Based on their perceptions and experiences, HCPs described the women to have feelings of not living up to expected behaviors, such as remembering to use contraceptives or choosing causal sexual partners more carefully, making some of them afraid of being judged for their actions and treated differently from others in health care settings. HCPs in youth clinics had experience of encountering women who did not want their ADHD diagnosis written in patient records or questioned why HCPs had to know about their diagnosis. HCPs interpreted that the women were afraid to be judged in advance.

“She absolutely did not want me to write that she had a diagnosis […] She was afraid of being labeled in a certain way.” HCP 12.

However, at youth clinics and women’s health clinics the women were perceived to as willing to discuss their sexuality openly. Most women were according to HCPs also eager to talk about their diagnosis, considering it an integral part of their identity that facilitated understanding during appointments. Conversely, in psychiatric clinics, where the diagnosis was already documented, HCPs’ perceptions and experiences indicated that some women avoided discussing sexuality unless specifically asked. The HCPs attributed this partly to women feeling ashamed of not meeting expected behavior, but also as a sensitive subject in general to raise for both the women and the HCPs. Nevertheless, when asked, they were often eager to discuss how symptoms of ADHD affected their sexual and romantic relationships.

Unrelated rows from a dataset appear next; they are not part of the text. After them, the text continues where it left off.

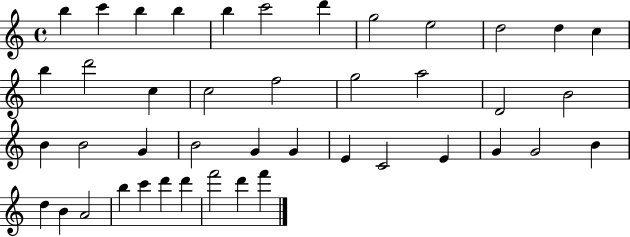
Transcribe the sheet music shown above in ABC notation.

X:1
T:Untitled
M:4/4
L:1/4
K:C
b c' b b b c'2 d' g2 e2 d2 d c b d'2 c c2 f2 g2 a2 D2 B2 B B2 G B2 G G E C2 E G G2 B d B A2 b c' d' d' f'2 d' f'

The women were described by several HCPs as having positive sexual experiences because they dared to freely explore sexual relationships. However, even though some women were believed not to want to change their behavior, several others wished to fit in and conform to accepted norms. The HCPs’ perceptions and experiences indicated that most women were aware of sexual behavior expectations and knew which behaviors would benefit them, but struggled to live up to these expectations. The HCPs described encounters where women had blamed themselves for not being able to take care of themselves and their health as expected – forgetting contraceptives, missed health appointments, or rushing into sexual relationships they sometimes regretted.

“The woman could say, ´I am that person who cannot have long relationships.’ Or ‘I am that person… who lets myself down again and again. Yes, I am hopeless. Now I forgot the condom again or I forgot my tablet. I am completely hopeless.’ Poor self-confidence results from this mindset.” HCP 13.

As the women got older, expectations of being able to handle impulsive behavior, romantic relationships and structure in everyday life where also raised, which further reinforced self-criticism in the women, according to the HCPs. They had experience of women waiting to seek health care or finding it embarrassing to repeatedly come to test for STDs or pregnancy. Their interpretation was that some women felt ashamed or guilty because they had failed to live up to the believed expectations of sexual behavior. The HCPs’ perception was that accepting their view of themselves as persons who always failed could also make it easier for some women to seek health care without feeling ashamed.

“But they can also end up with the fact that, ’I am this person. That’s just the way it is all the time.’ There will be an acceptance of being that person who always fails, always forgets the condom, and is always here testing herself.” HCP 14.

Sexual risk-taking

The HCPs’ perceptions and experiences indicated that curiosity, and fearlessness in engaging in new situations was considered resources for many of the women to learn more about their sexuality. However, HCPs perceived that the women’s difficulties in controlling impulses and understanding sexual boundaries or consequences of their actions could lead to sexual risk-taking. They described sexual risk-taking as sending explicit photos, having unprotected sex with multiple partners, and engaging in sexual encounters with unknown partners.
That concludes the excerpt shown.